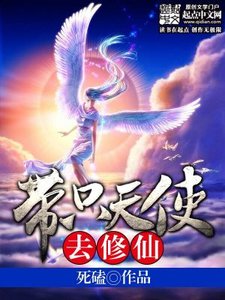 《带只天使去修仙》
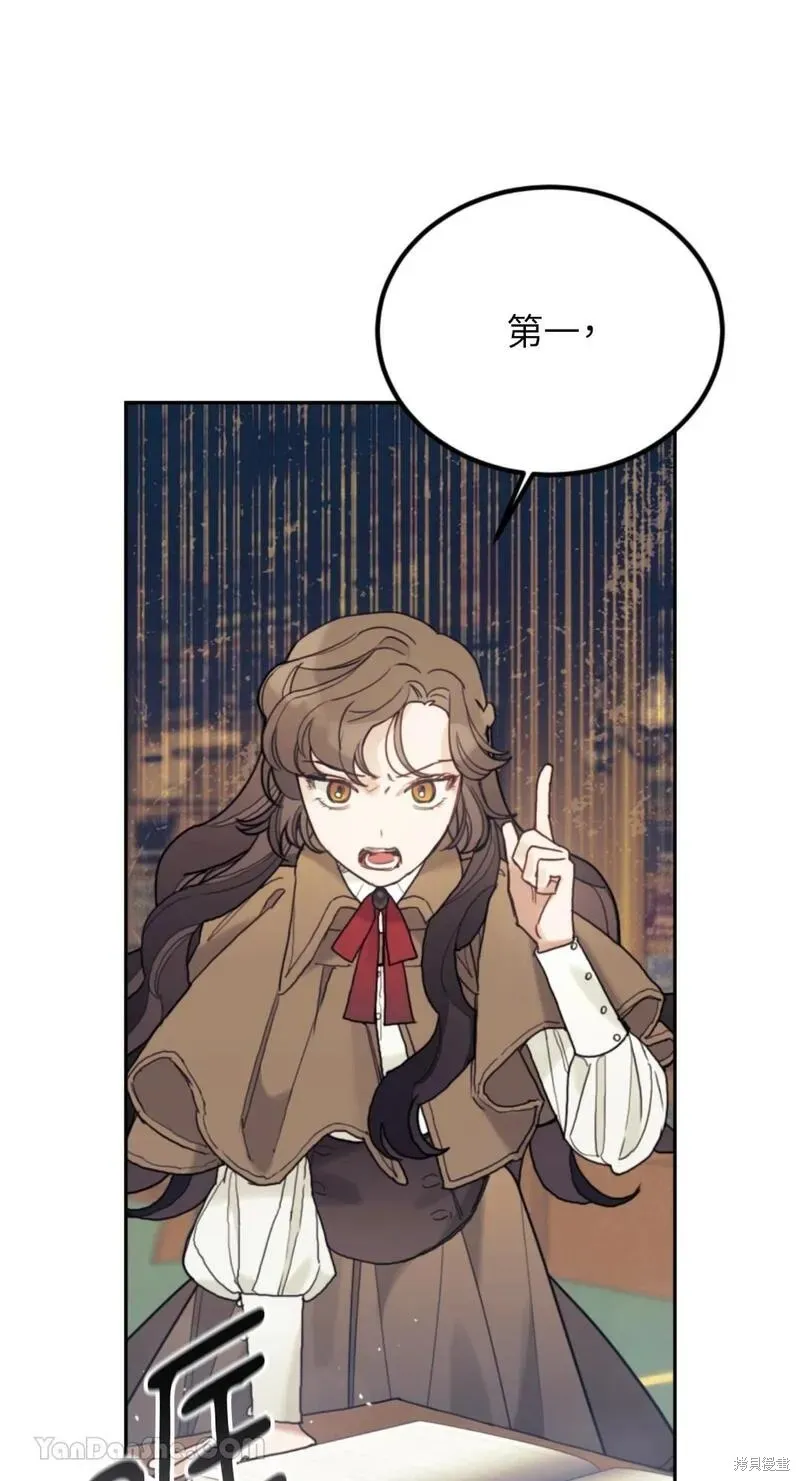 第46话 第15页
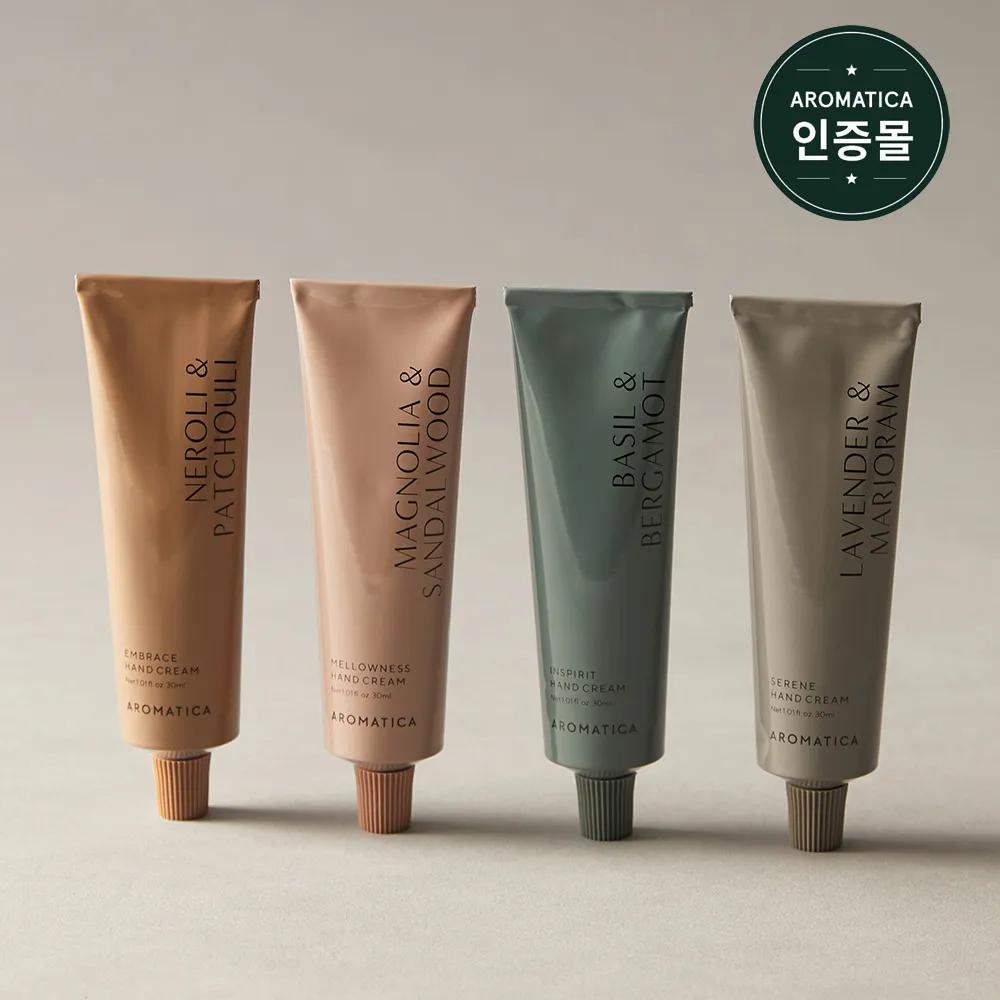 AROMATICA High Moisturizing Hand Cream 30ml (Select 2 Options) Seren Hand Cream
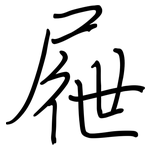 屜: 鋼筆楷書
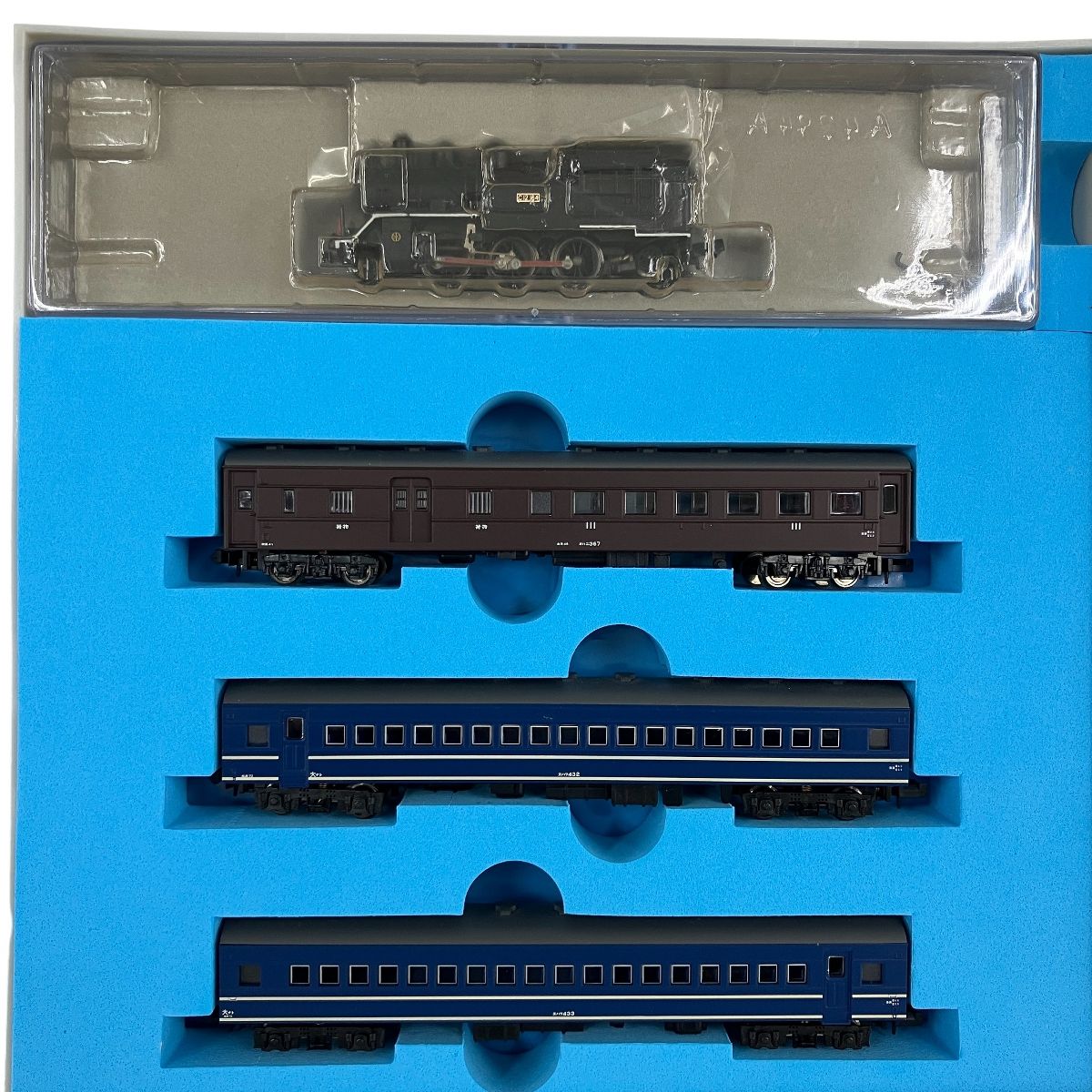 マイクロエース A-4295 C 12-164 44系客車 トラストトレイン 青色 4両セット 鉄道模型 Nゲージ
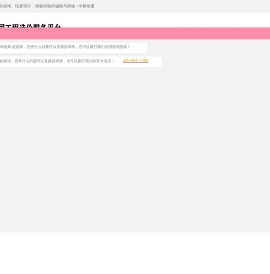 造价咨询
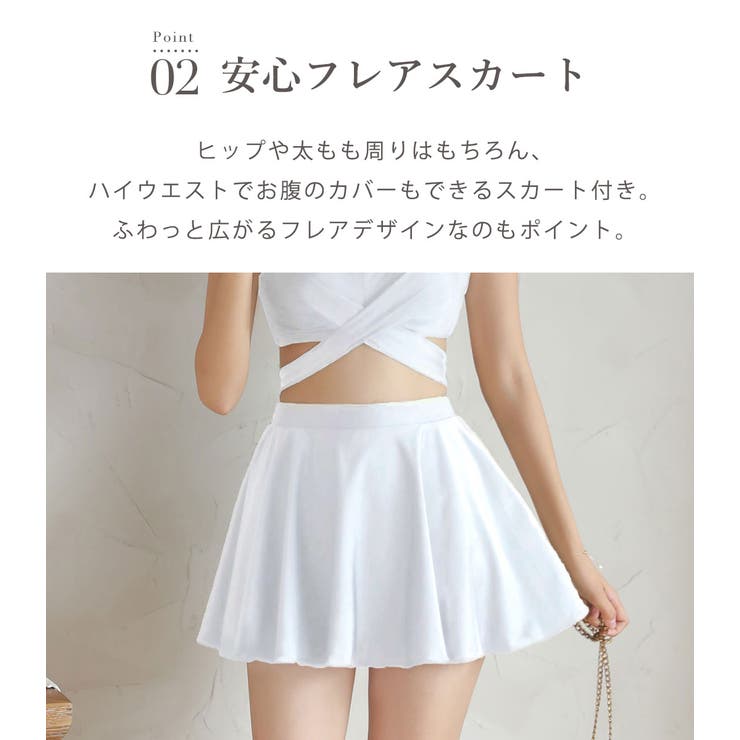 ビキニ 水着 レディース | teddyshop | 詳細画像8 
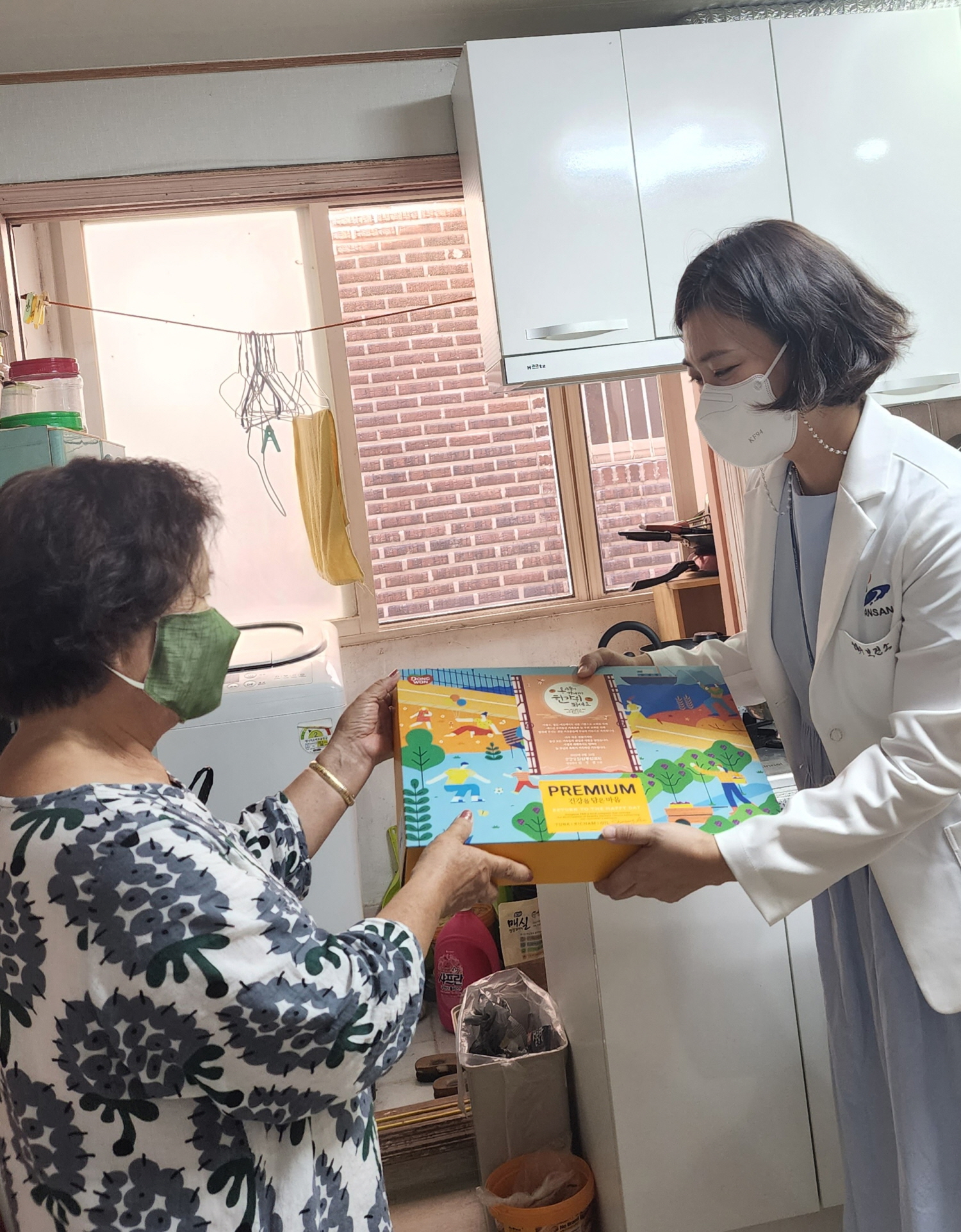 안산시 방문간호사 일동, 취약계층에 추석 선물 전달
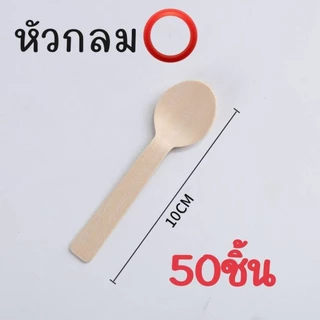 ช้อนไม้ ช้อนส้อม (แพ็ค50,100ชิ้น)
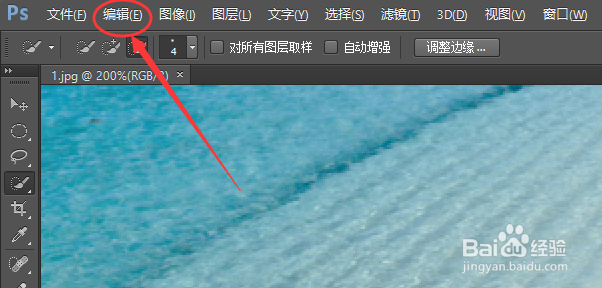 ps自定义画笔的方法步骤（定义画笔预设）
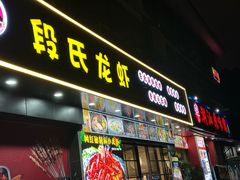 -段氏龙虾·烧烤·烤鱼(东书房路店)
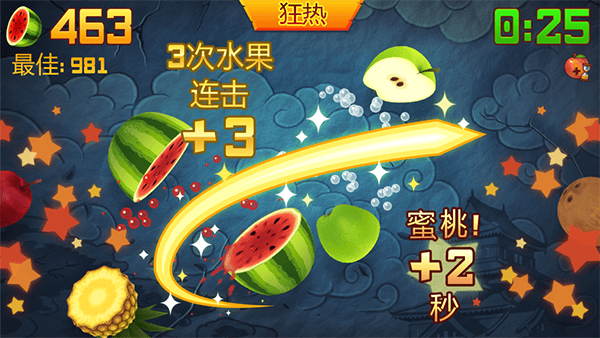 水果忍者高清版 v3.93.2安卓版
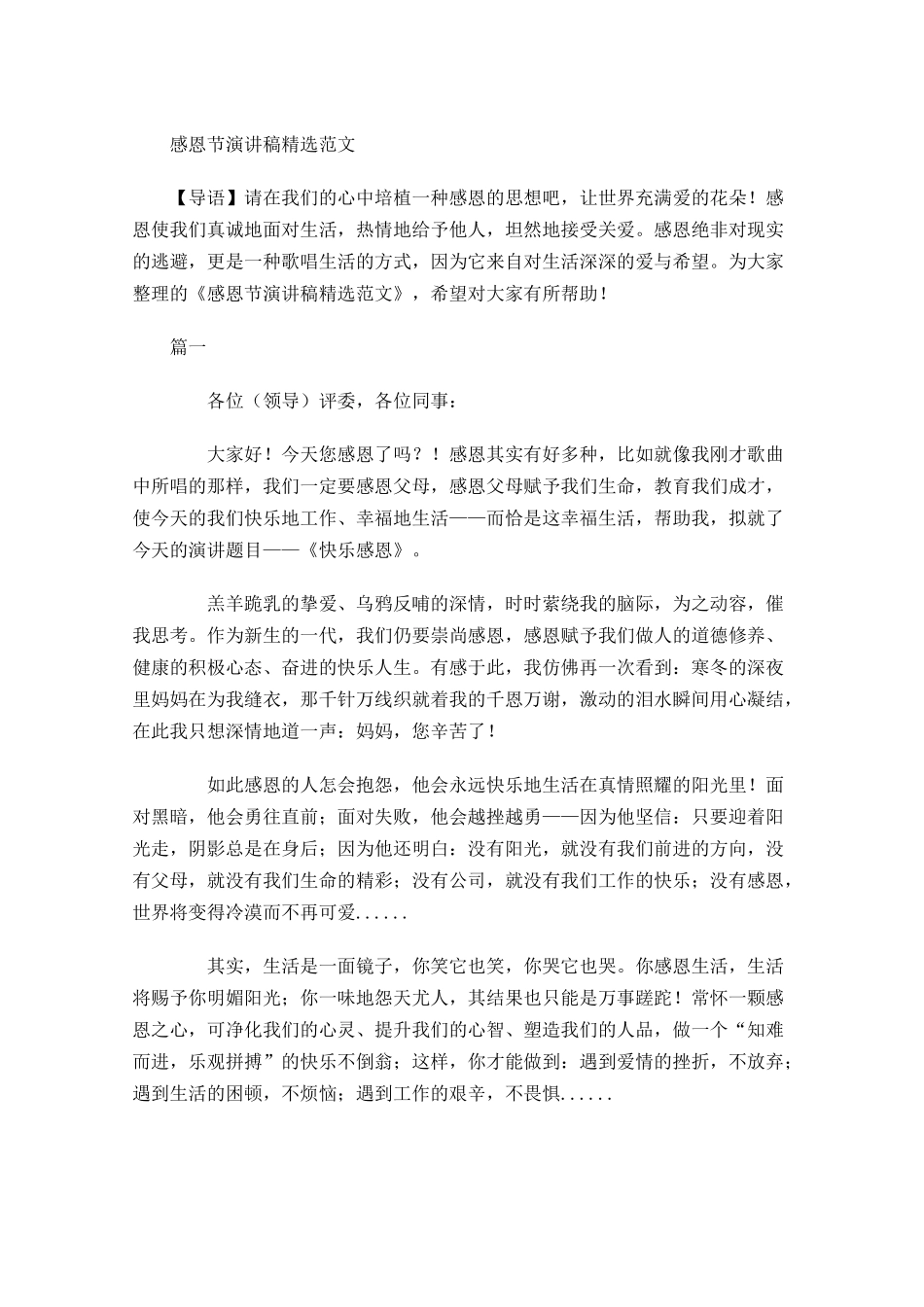 感恩节演讲稿精选范文-多篇.docx_第1页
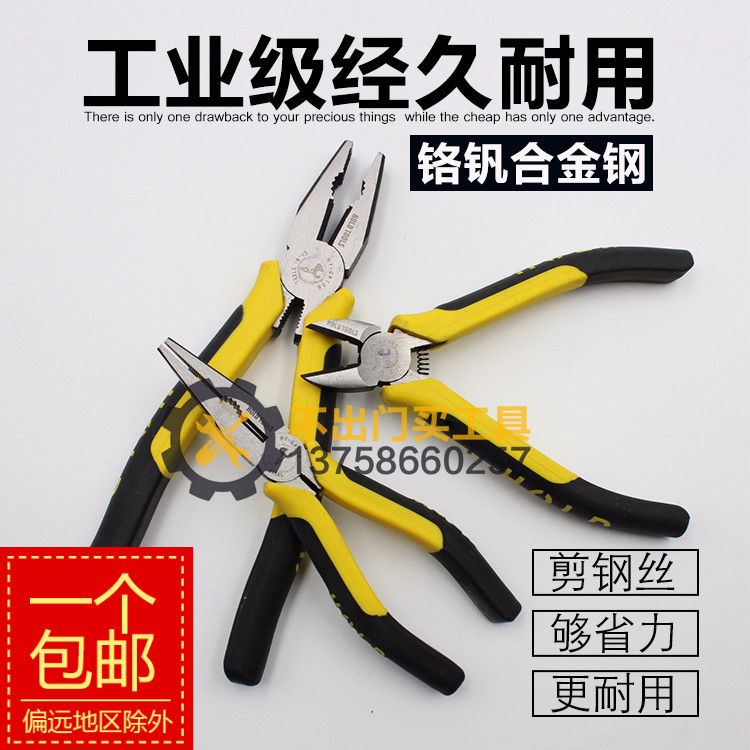 Industrial 6 inch wire clamp 8 inch tiger clamp multifunctional tip clamp clamp electrical clamp clamp wire cut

DESCRIPTION OF THE TASK: What you should produce is an exact copy of the records, with the pictures left out.

RESULT:
 《带只天使去修仙》
 第46话 第15页
 AROMATICA High Moisturizing Hand Cream 30ml (Select 2 Options) Seren Hand Cream
 屜: 鋼筆楷書
 マイクロエース A-4295 C 12-164 44系客車 トラストトレイン 青色 4両セット 鉄道模型 Nゲージ
 造价咨询
 ビキニ 水着 レディース | teddyshop | 詳細画像8 
 안산시 방문간호사 일동, 취약계층에 추석 선물 전달
 ช้อนไม้ ช้อนส้อม (แพ็ค50,100ชิ้น)
 ps自定义画笔的方法步骤（定义画笔预设）
 -段氏龙虾·烧烤·烤鱼(东书房路店)
 水果忍者高清版 v3.93.2安卓版
 感恩节演讲稿精选范文-多篇.docx_第1页
 Industrial 6 inch wire clamp 8 inch tiger clamp multifunctional tip clamp clamp electrical clamp clamp wire cut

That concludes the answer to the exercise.